START INPUT RECORDS

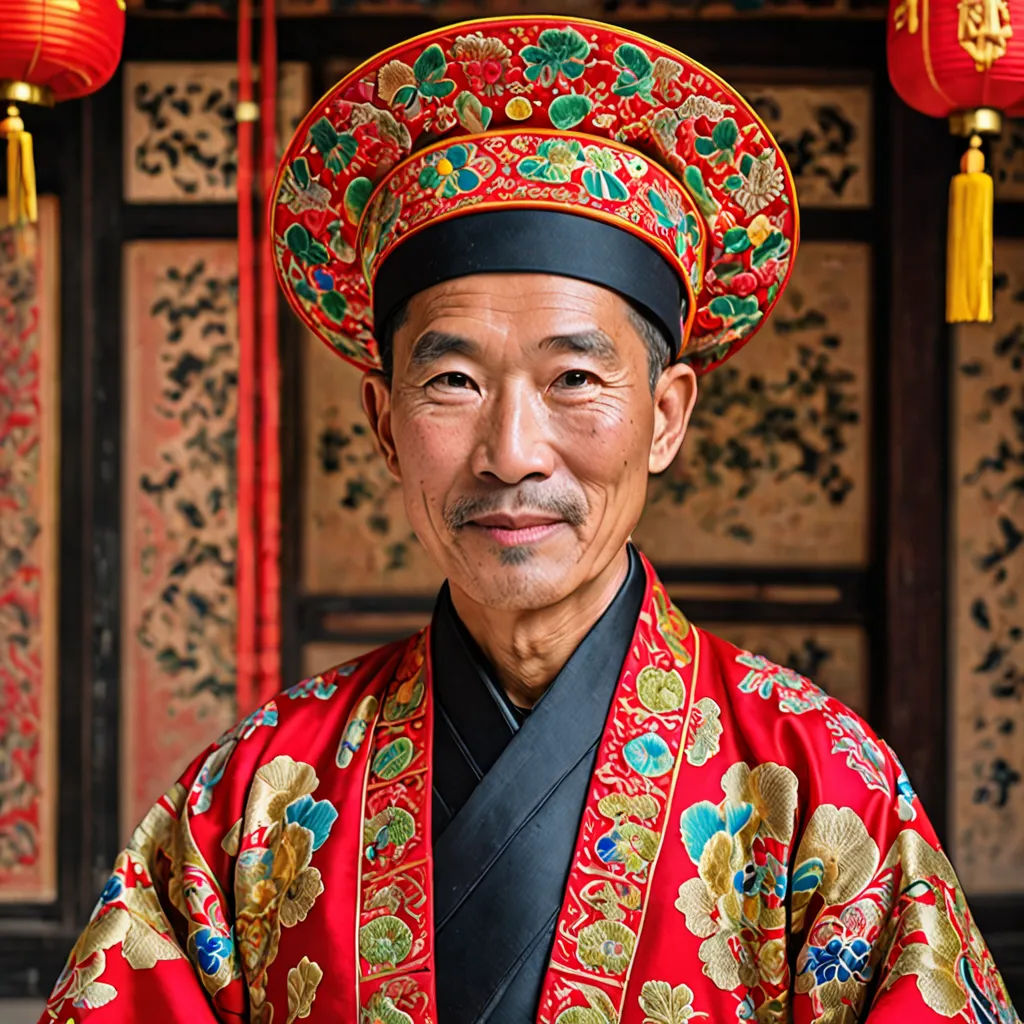 a man in a red and gold outfit and a black hat and a red and gold wall with oriental decorations, cloisonnism, a character portrait, Emperor Huizong of Song, phuoc quan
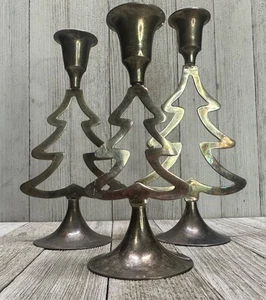 Juego de 3 candelabros de árbol de Navidad International Silver Co. de colección 6",7",7,5" - Imagen 1 de 12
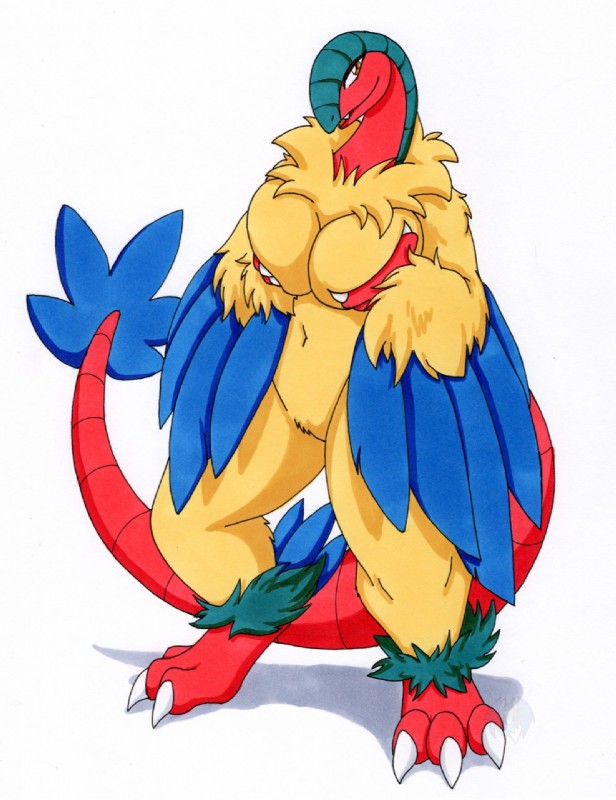 anthro anthrofied breasts claws feathered_wings feathers female non-mammal_breasts nude pokemorph solo wings tierafoxglove nintendo pokemon archeops avian fossil_pokemon generation_5_pokemon pokemon_(species) hi_res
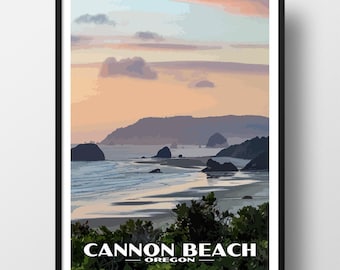 May include: A scenic sunset view of Cannon Beach, Oregon. The image shows a sandy beach with rocky outcroppings and a distant mountain range. The sky is a vibrant mix of pink, orange, and blue hues.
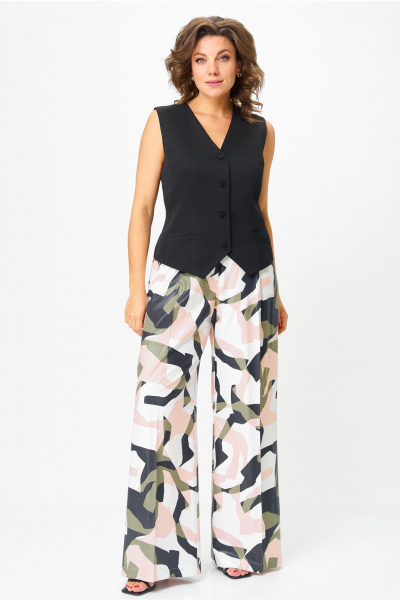 Брюки, жилет Andina city 9068-25 черный_белый_абстракция - фото 6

END INPUT RECORDS

= TASK INSTRUCTIONS =
Without the pictures, write out every line above exactly as it appears.

= REPLY =
 a man in a red and gold outfit and a black hat and a red and gold wall with oriental decorations, cloisonnism, a character portrait, Emperor Huizong of Song, phuoc quan
 Juego de 3 candelabros de árbol de Navidad International Silver Co. de colección 6",7",7,5" - Imagen 1 de 12
 anthro anthrofied breasts claws feathered_wings feathers female non-mammal_breasts nude pokemorph solo wings tierafoxglove nintendo pokemon archeops avian fossil_pokemon generation_5_pokemon pokemon_(species) hi_res
 May include: A scenic sunset view of Cannon Beach, Oregon. The image shows a sandy beach with rocky outcroppings and a distant mountain range. The sky is a vibrant mix of pink, orange, and blue hues.
 Брюки, жилет Andina city 9068-25 черный_белый_абстракция - фото 6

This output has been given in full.